Under the facts of the instant case, we would hold that the defendant did not have standing to [4]*4challenge the introduction of the narcotics discovered in the bag. Rather, we believe that the defendant renounced any reasonable expectation of privacy in the bag and its contents once he abandoned it during the police chase. We also would hold that the police pursuit of the defendant did not constitute a seizure under the Fourth Amendment. Consequently, the police conduct never implicated the constitutional protections provided by the Fourth Amendment. We would reverse the decisions of the Court of Appeals and the trial court and remand this case to the trial court for proceedings consistent with this opinion.2

I. FACTS AND PROCEEDINGS

The defendant was charged with possession of a controlled substance, MCL 333.7403(2)(a)(iv); MSA 14.15(7403)(2)(a)(iv). Kelvin Patrick, a Detroit police officer, offered the only testimony at the preliminary examination. He testified that on September 19, 1986, at approximately 7:50 p.m., he and his partner were driving a marked patrol car southbound on Log Cabin in Detroit. As they approached the corner of Log Cabin and Grove, an area with a history of narcotics activity, they observed the defendant, Mark Mamón, standing [5]*5next to a public telephone. The defendant noticed the police car and fled toward a dwelling located at 16744 Log Cabin. The officers stopped the car and followed the defendant on foot, during which time they saw the defendant reach into his right pocket and throw away a burgundy-colored bag.
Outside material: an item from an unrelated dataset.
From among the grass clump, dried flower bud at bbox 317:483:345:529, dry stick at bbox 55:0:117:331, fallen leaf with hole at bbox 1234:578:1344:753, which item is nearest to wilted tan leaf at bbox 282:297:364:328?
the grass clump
The officers detained the defendant and retrieved the bag, in which they discovered six particles of suspected cocaine.3

Upon the basis of this information, the district court bound the defendant over to Detroit Recorder’s Court on the controlled substance charge. At a hearing on May 29, 1987, the Recorder’s Court suppressed the cocaine and dismissed the case upon the basis of People v Shabaz, 424 Mich 42; 378 NW2d 451 (1985). The court reasoned that the police obtained the cocaine as a result of an unlawful seizure. In particular, the court found that the police pursuit constituted a seizure and that, at the time the police initiated their pursuit of the defendant, they did not have a reasonable, articulable suspicion upon which they could base their actions. The Court of Appeals affirmed the decision of the trial court.4 On June 30, 1989, this Court granted the people’s application for leave to appeal.5

II. ANALYSIS

The Fourth Amendment provides in pertinent part, "[t]he right of the people to be secure in their persons, houses, papers, and effects, against unreasonable searches and seizures, shall not be violated . . . .” US Const, Am IV. In order to [6]*6receive the panoply of its constitutional safeguards, a person must have standing in the context of the Fourth Amendment to challenge the introduction of the particular piece of evidence being offered against him. This initial standing inquiry depends upon whether the defendant has a reasonable expectation of privacy in the particular goods at issue. Katz v United States, 389 US 347, 361; 88 S Ct 507; 19 L Ed 2d 576 (1967) (Harlan, J., concurring); Terry v Ohio, 392 US 1, 9; 88 S Ct 1868; 20 L Ed 2d 889 (1968). Moreover, a person does not have a reasonable expectation of privacy. in property which he has "abandoned.” Abel v United States, 362 US 217, 241; 80 S Ct 683; 4 L Ed 2d 668 (1960); Hester v United States, 265 US 57, 58; 44 S Ct 445; 68 L Ed 898 (1924); People v Jackson, 175 Mich App 562; 438 NW2d 84 (1988); People v Wright, 151 Mich App 354; 390 NW2d 187 (1986); People v Boykin, 119 Mich App 763; 327 NW2d 351 (1982); United States v Thomas, 275 US App DC 21, 23-24; 864 F2d 843 (1989). As the United States Court of Appeals for the District of Columbia recently explained:

A warrantless search or seizure of property that has been "abandoned” does not violate the fourth amendment. See, e.g., Abel v United States, 362 US 217, 241; 80 S Ct 683, 698; 4 L Ed 2d 668 (1960). "When individuals voluntarily abandon property, they forfeit any expectation of privacy in it that they might have had.” United States v Jones, 707 F2d 1169, 1172 (CA 10 [1983]) (citation omitted), cert den 464 US 859; 104 S Ct 184; 78 L Ed 2d 163 (1983). The test for abandonment in the search and seizure context is distinct from the property law notion of abandonment: it is possible for a person to retain a property interest in an item, but nonetheless to relinquish his or her reasonable expectation of privacy in the object. See, e.g., United States v Colbert, 474 F2d 174, 176 [7]*7(CA 5, 1973). To determine whether there is abandonment in the fourth amendment sense, the district court must focus on the intent of the person who is alleged to have abandoned the place or object. See United States v Anderson, 663 F2d 934, 938 (CA 9, 1981). The test is an objective one, and intent may be inferred from "words spoken, acts done, and other objective facts.” Colbert, 474 F2d at 176.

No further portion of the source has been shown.